Re: [Jackrabbit Wiki] Update of "PersistenceManagerFAQ" by edgarpoce

Posted by Serge Huber <sh...@jahia.com>.
Edgar Poce wrote:

>>If they are not to most people tastes, maybe we should just remove them ?
>>    
>>
>On the contrary, I'd like ORM PMs reach production status. I'd like to
>use a PM with transactional support, that's why I keep an eye on the
>status of your contribution.
>  
>
Ok thanks, so it seems I was over-reacting a bit. As I said I'm under 
some pressure right now and I still want to do my best to contribute to 
Jackrabbit.

>
>I better remove some lines from the wiki. And I ask you please to
>remove or add anything you consider, it's a wiki, right? ;)
>  
>
Thanks... It's fine now :)

cheers,
   Serge...

Re: [Jackrabbit Wiki] Update of "PersistenceManagerFAQ" by edgarpoce

Posted by Edgar Poce <ed...@gmail.com>.
Hi serge

On 6/9/05, Serge Huber <sh...@jahia.com> wrote:
> 
> Maybe it's me overreacting (I do have a lot of pressure at work right
> now) but I'm getting a lot of negative karma about the ORM-PMs... 
Sorry, it was not my intention.

> If they are not to most people tastes, maybe we should just remove them ?
On the contrary, I'd like ORM PMs reach production status.

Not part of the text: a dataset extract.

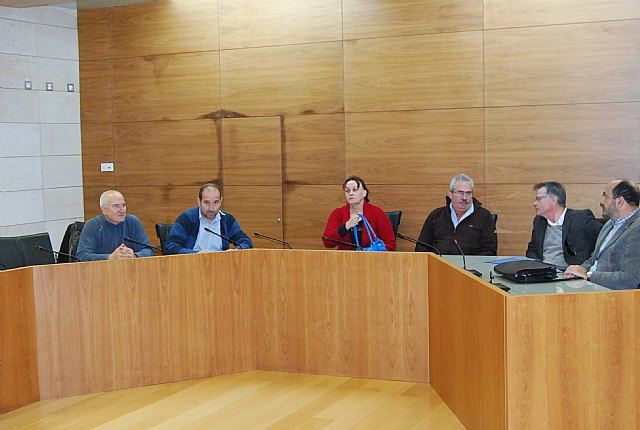 El alcalde y el concejal de Desarrollo Económico se reúnen con los empresarios de la construcción de la localidad - 2, Foto 2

I'd like to
use a PM with transactional support, that's why I keep an eye on the
status of your contribution.

> 
> For me it was mostly a way to propose quickly a new back-end to
> Jackrabbit and get my hands dirty with the project. But if most people
> on the project feel that they "add unnecessary complexity", or "are not
> the right way to go", then maybe they should be removed ?
I better remove some lines from the wiki. And I ask you please to
remove or add anything you consider, it's a wiki, right? ;)

BR,
edgar
> 
> Regards,
>   Serge Huber.

Re: [Jackrabbit Wiki] Update of "PersistenceManagerFAQ" by edgarpoce

Posted by Serge Huber <sh...@jahia.com>.
Stefan Guggisberg wrote:

>don't worry, serge. i admit that i am not a huge fan of object relational 
>databases and sorts but that's also a question of personal taste i guess. 
>i don't have a problem with ORM PM in contrib and there seems to be
>interest in it.
>  
>
Ok thanks Stefan, I just wanted to get the "pulse" of the people here. I 
do agree that they shouldn't come out of contrib though, as they will be 
an "optional" setup.

Regards,
  Serge Huber.


Re: [Jackrabbit Wiki] Update of "PersistenceManagerFAQ" by edgarpoce

Posted by Stefan Guggisberg <st...@gmail.com>.
On 6/9/05, Serge Huber <sh...@jahia.com> wrote:
> 
> Maybe it's me overreacting (I do have a lot of pressure at work right
> now) but I'm getting a lot of negative karma about the ORM-PMs... If
> they are not to most people tastes, maybe we should just remove them ?
> 
> For me it was mostly a way to propose quickly a new back-end to
> Jackrabbit and get my hands dirty with the project. But if most people
> on the project feel that they "add unnecessary complexity", or "are not
> the right way to go", then maybe they should be removed ?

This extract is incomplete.